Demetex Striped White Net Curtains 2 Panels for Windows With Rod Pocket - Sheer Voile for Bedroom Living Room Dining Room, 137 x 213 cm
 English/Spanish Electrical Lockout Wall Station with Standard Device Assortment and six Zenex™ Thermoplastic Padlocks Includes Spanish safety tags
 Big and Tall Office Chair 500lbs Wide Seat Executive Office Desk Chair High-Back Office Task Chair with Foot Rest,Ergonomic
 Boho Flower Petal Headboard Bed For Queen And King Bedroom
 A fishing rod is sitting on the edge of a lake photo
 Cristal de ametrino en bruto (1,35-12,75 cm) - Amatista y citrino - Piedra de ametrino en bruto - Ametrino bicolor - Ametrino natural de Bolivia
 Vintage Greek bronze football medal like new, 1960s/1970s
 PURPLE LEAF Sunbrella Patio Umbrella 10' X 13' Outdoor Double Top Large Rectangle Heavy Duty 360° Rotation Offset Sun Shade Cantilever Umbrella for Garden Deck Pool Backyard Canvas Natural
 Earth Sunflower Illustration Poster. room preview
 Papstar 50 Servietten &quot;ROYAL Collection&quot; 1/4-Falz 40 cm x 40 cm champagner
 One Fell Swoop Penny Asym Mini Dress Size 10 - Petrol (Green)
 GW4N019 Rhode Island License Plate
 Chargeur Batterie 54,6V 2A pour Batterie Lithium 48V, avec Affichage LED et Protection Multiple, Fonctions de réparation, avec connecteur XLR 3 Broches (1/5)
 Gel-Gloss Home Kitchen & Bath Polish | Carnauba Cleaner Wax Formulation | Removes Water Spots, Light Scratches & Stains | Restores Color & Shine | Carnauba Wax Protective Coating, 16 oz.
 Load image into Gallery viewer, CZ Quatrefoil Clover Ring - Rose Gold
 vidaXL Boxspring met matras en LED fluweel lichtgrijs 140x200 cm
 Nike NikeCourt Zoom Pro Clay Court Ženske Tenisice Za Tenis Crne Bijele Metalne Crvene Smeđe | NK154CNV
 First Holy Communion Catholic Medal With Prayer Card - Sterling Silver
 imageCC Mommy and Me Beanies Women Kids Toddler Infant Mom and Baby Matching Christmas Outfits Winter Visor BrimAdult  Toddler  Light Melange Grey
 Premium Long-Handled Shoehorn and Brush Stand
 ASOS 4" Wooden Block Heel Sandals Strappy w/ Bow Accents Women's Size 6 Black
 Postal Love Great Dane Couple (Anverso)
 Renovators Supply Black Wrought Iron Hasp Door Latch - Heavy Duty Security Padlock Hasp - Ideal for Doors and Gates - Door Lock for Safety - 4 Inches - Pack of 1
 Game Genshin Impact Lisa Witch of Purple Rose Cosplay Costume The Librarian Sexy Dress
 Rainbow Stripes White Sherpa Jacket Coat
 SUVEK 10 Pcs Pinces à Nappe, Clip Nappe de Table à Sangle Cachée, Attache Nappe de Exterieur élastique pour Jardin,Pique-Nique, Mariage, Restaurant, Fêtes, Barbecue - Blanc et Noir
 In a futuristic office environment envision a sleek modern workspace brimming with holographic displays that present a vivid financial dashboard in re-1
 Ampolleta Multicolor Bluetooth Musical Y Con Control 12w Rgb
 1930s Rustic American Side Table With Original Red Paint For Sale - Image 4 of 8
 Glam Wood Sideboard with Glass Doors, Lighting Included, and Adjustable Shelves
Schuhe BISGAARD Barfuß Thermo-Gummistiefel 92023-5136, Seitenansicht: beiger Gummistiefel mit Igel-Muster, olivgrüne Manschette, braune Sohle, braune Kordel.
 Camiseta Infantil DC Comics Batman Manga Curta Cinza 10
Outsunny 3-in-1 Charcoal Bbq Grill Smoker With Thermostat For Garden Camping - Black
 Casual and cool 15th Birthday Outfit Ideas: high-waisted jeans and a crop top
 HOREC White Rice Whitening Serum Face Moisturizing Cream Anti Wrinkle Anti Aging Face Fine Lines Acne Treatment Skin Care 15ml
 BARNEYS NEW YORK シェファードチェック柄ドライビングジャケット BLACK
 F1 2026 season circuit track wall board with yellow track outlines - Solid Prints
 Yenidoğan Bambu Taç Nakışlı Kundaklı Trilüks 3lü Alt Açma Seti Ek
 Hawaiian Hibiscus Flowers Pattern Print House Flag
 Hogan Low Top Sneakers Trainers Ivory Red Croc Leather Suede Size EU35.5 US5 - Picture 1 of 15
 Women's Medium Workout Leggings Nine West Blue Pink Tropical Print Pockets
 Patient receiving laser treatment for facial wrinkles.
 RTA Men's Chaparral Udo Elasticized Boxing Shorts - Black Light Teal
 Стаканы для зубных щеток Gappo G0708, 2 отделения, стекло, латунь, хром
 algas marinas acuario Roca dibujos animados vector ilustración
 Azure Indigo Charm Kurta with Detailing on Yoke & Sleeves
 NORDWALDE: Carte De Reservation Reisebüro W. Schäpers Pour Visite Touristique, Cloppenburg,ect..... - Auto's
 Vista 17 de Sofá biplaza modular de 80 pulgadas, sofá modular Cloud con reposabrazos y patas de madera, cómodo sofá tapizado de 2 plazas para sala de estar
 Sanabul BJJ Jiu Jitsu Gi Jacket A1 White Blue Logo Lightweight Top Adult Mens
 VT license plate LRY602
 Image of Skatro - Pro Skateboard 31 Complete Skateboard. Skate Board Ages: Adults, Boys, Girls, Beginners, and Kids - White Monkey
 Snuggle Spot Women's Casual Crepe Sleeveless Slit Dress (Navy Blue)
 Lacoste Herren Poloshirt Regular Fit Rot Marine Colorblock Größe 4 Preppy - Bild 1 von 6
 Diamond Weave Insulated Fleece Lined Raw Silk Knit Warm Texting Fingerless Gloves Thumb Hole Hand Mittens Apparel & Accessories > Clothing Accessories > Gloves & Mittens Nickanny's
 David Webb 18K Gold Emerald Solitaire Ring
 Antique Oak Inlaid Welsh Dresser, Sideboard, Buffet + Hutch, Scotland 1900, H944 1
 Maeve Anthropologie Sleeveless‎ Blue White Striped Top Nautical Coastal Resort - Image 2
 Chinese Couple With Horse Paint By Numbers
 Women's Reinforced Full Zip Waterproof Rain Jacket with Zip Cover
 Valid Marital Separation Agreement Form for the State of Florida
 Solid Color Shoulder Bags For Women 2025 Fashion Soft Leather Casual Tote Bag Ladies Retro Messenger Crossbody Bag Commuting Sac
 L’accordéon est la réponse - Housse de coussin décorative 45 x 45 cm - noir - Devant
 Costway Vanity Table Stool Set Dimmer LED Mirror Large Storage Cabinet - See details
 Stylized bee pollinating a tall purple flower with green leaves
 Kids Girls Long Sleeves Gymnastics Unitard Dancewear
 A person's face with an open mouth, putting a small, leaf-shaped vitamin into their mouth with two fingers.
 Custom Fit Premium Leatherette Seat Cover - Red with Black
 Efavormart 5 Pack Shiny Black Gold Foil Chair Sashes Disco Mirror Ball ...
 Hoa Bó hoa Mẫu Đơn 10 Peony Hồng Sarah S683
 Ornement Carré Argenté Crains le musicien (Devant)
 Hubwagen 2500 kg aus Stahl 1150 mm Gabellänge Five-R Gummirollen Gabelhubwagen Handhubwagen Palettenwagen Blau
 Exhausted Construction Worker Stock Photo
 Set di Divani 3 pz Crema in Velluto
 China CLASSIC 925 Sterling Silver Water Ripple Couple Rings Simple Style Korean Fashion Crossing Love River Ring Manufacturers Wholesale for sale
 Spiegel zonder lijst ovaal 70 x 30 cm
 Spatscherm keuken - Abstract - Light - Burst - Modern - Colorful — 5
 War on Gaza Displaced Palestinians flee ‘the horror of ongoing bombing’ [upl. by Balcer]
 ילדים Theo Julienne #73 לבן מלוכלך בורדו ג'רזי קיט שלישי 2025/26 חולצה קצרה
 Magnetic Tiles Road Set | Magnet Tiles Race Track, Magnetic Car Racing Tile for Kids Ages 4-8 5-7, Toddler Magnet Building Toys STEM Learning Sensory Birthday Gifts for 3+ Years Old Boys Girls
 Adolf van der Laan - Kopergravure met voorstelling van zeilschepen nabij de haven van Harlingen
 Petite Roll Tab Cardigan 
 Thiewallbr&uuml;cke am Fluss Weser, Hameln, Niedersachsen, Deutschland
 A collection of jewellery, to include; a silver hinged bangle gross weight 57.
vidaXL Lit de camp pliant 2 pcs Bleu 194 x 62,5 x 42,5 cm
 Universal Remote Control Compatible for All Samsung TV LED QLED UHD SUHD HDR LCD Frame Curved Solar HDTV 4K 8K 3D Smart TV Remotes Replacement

___

— Work required —
From the data, list each line in which the string "Striped" appears.

— Solution for this problem —
Demetex Striped White Net Curtains 2 Panels for Windows With Rod Pocket - Sheer Voile for Bedroom Living Room Dining Room, 137 x 213 cm
 Maeve Anthropologie Sleeveless‎ Blue White Striped Top Nautical Coastal Resort - Image 2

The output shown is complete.